Kürsünün birinci basamağındaki sporcu Paul Seixas ise bir Fransız. (Kürsünün ilk basamaklarındaki ülkelerde bisikletin yaygın bir ulaşım aracı olması tesadüf mü?) Kişi başı geliri 44.460 dolar olan Fransa’nın Burundi ile buluştuğu nokta da dil. Kirundi ile birlikte Fransızcanın konuşulduğu bu Afrika ülkesinin para brimi de Frank. Ndikumana’daki Fransız esintilerini ‘yarış kombini’nde de görmek mümkün. Fransa menşeli Dechatlon’un Btwin marka ayakkabısı, ‘skinny jean’i andıran taytı ve kolları bayrak gibi dalgalanan tişörtü ve kaskı aerodinamik etki bir tarafa başlangıç seviyesindeki bir amatörün dahi tercih etmeyeceği parçalar.
Ndikumana’nın bisikleti de bir zamana karşı yarış bisikleti değil. Nesli tükenmekte olan v fren bu spora yeni başlayanların dahi dudak bükebileceği bir teknoloji artık. Yine fotoğraftan anlaşıldığı kadarıyla karbon olan kadronun üstünde Shimano’nun Di2 Ultegra grup seti var. Bu özellikler onu bir yol yarışının içinde tutmaya yetse de zamanın gerisinde bırakıyor.

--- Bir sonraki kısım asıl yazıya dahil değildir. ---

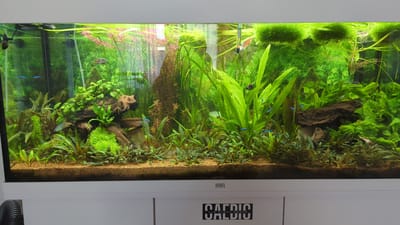 A freshwater aquarium is teeming with aquatic life and lush vegetation. The scene is dominated by various green aquatic plants, ranging from tall, leafy stalks to dense, moss-like ground cover. Several small fish, including neon tetras and what appear to be dwarf gouramis, swim amongst the plants. A piece of driftwood adds a natural element to the underwater landscape, and a small thermometer is visible near the top of the tank. The aquarium is set within a white cabinet, and the text "JUWEL" is visible on the front of the cabinet. Below that, a black and white logo reads "CARDIO" with smaller text underneath. The lighting suggests it is daytime. The overall impression is of a well-maintained and vibrant aquatic ecosystem.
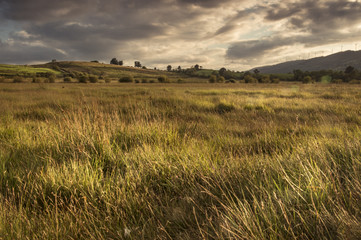 Atardecer en la llanura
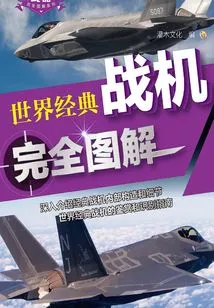 Complete Illustrations of the World's Classic Fighter Planes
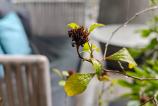 Xiaomi-15-Ultra-Mostre-Bokeh_009.jpg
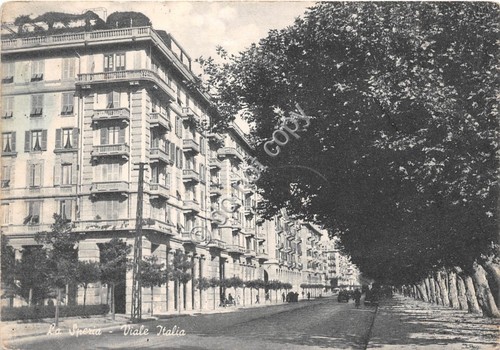 Cartolina La Spezia Viale Italia 1957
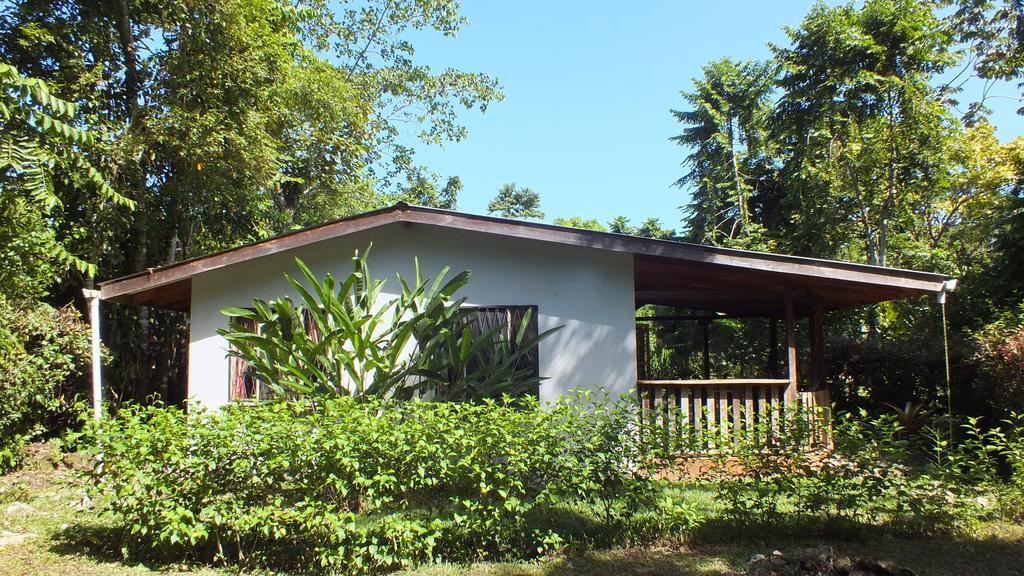 Cabinas Caribe Luna Cahuita Extérieur photo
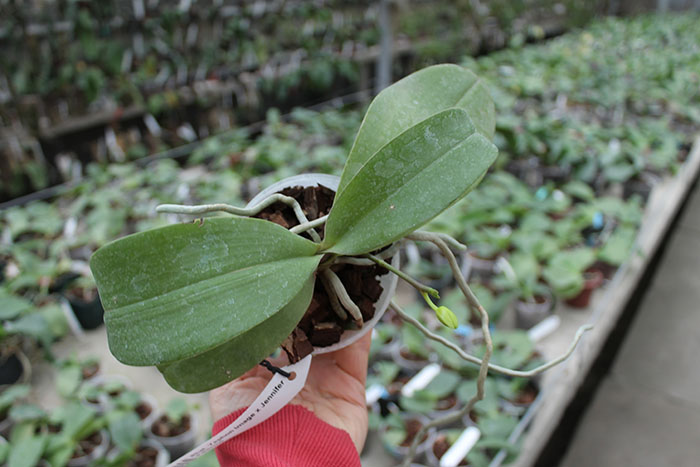 Phalaenopsis Yaphon Image x Jennifer Palermo.jpg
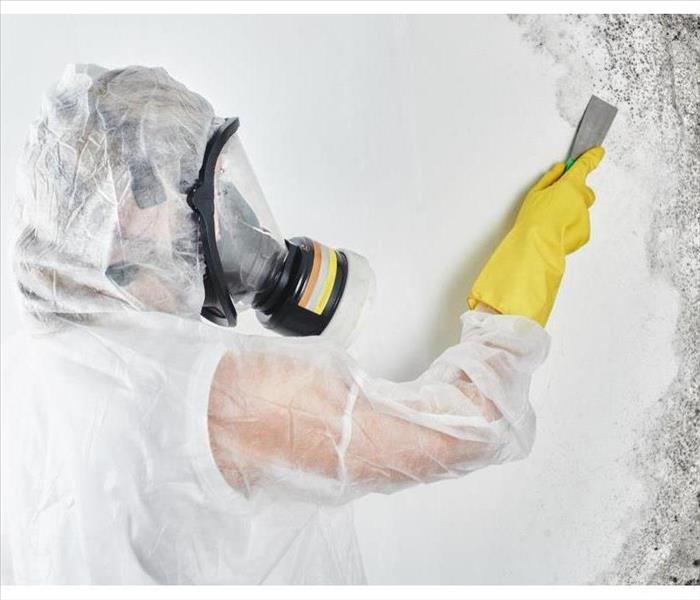 A professional disinfector in overalls processes the walls from mold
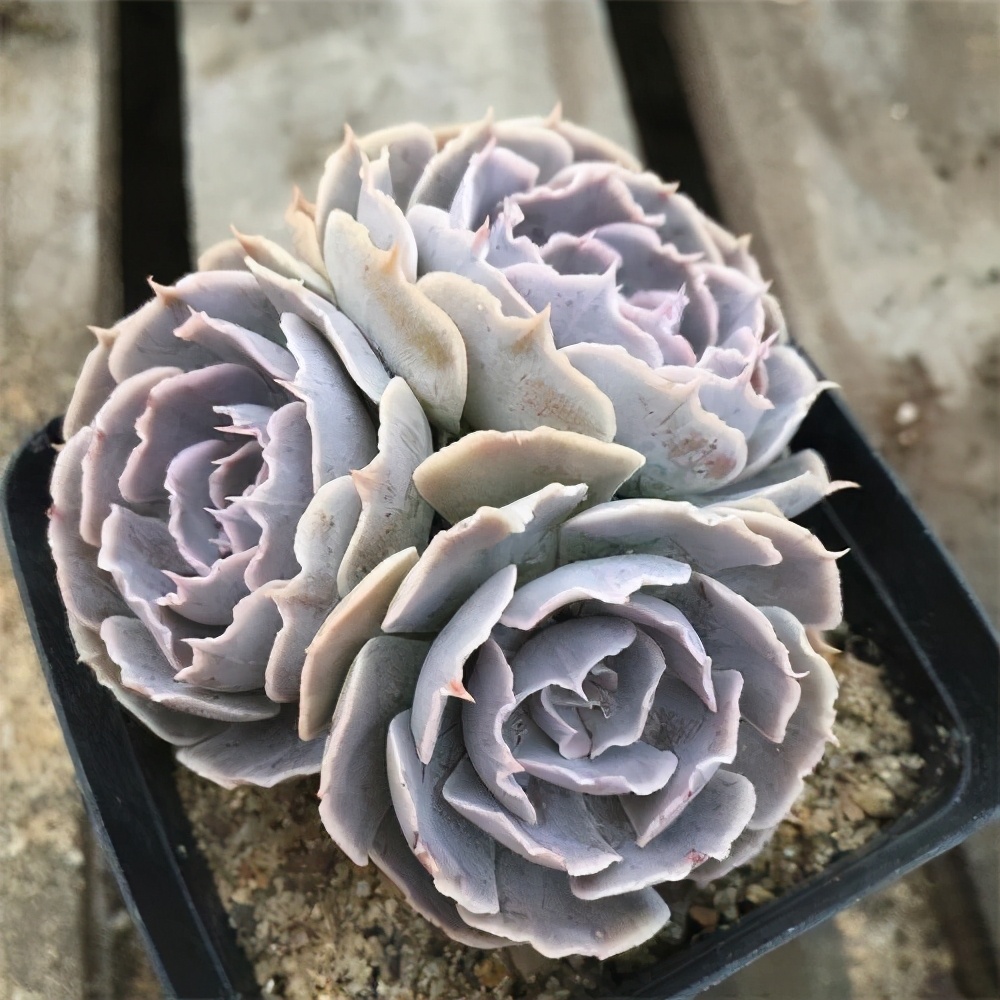 推荐几个玫瑰形的多肉植物,最像玫瑰花的8款多肉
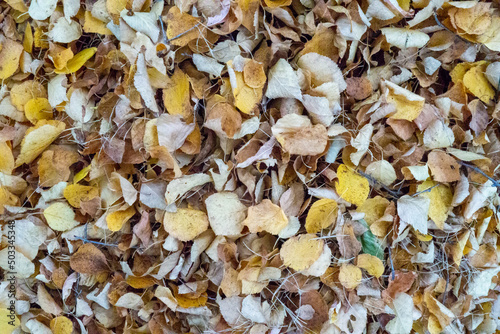 Yellow leaves raked into a pile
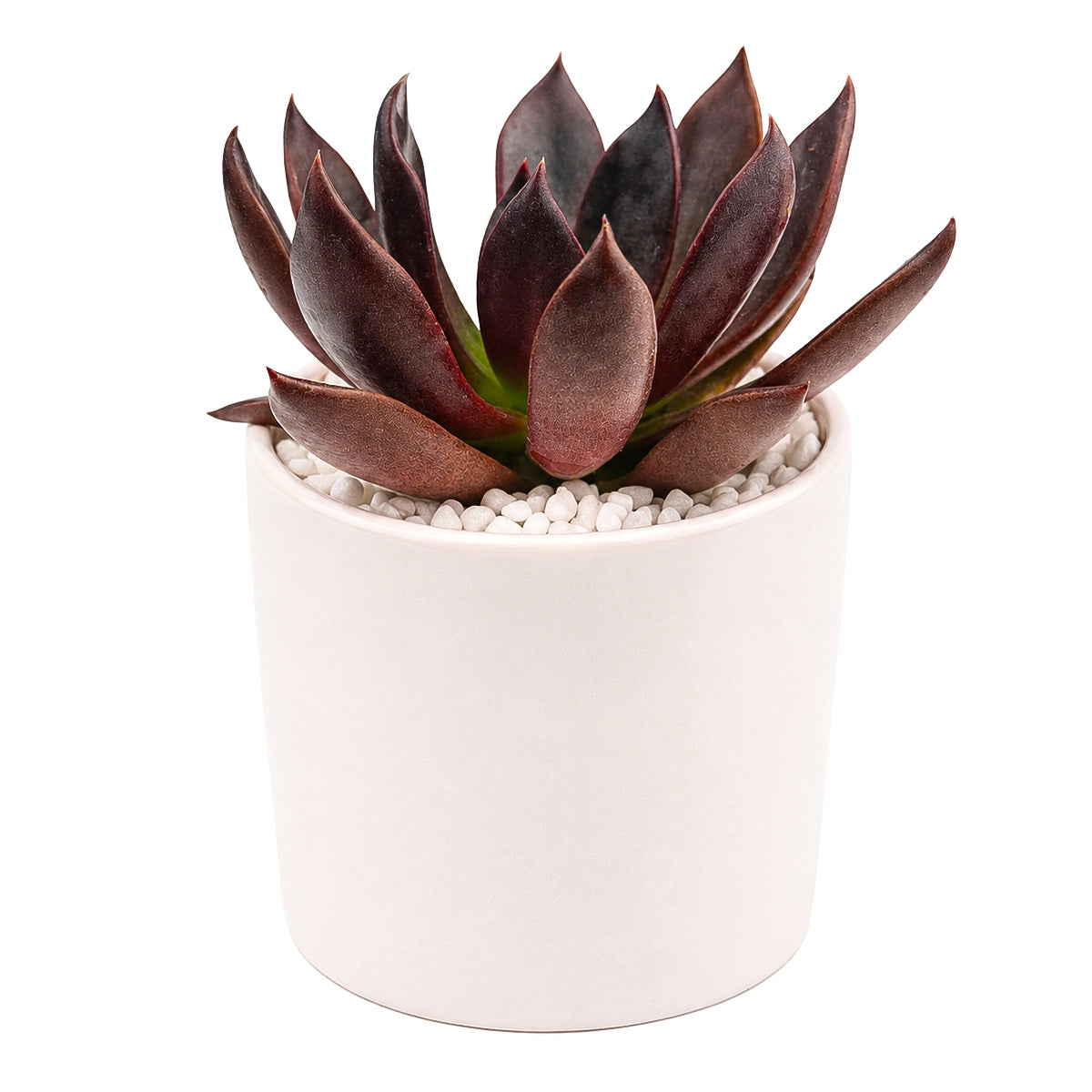 Echeveria Preta for sale, how to grow succulents, succulent plant, succulent care tips, succulent subscription, succulents garden, Succulents, Succulents shop near me, Rare succulents
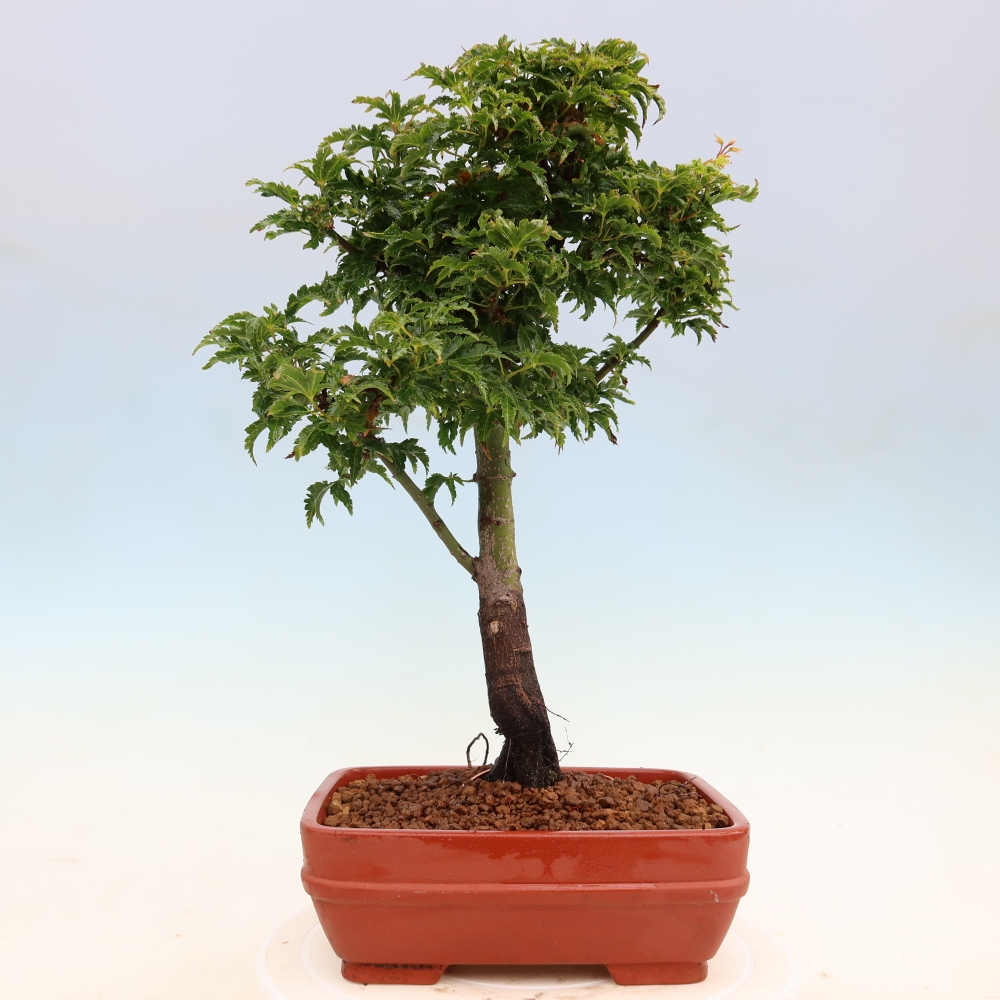 Vonkajšia bonsaj -Javorská palma Acer palmatum Shishigashira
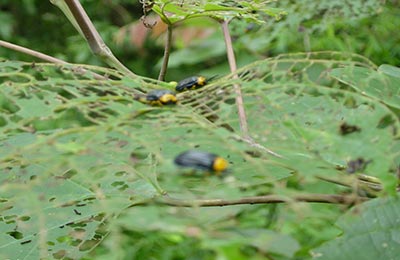 Chiang Mai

Bütün bunlar sporun bir parçası olmaya engel değil. Ndikumana bisikleti ve kıyafetleri ile zamanı yakalamış olsaydı muhtemelen yüzündeki acı ifadesi yine aynı olacaktı. Ancak harcadığı efor, hızına daha verimli yansıyacağı için muhtemelen daha kısa sürede finişi görecekti. Bu durum da asıl amacı kendi performansını bir adım ileri götürmek olan amatörler için bir mesaj içermiyor mu? Daha 1000 kilometre bile sürmeden sonraki bisikletinizi düşünmek mi yoksa bisikletinizle daha verimli zaman geçirmek mi sizi daha iyi bir (amatör ya da değil) sporcu yapar?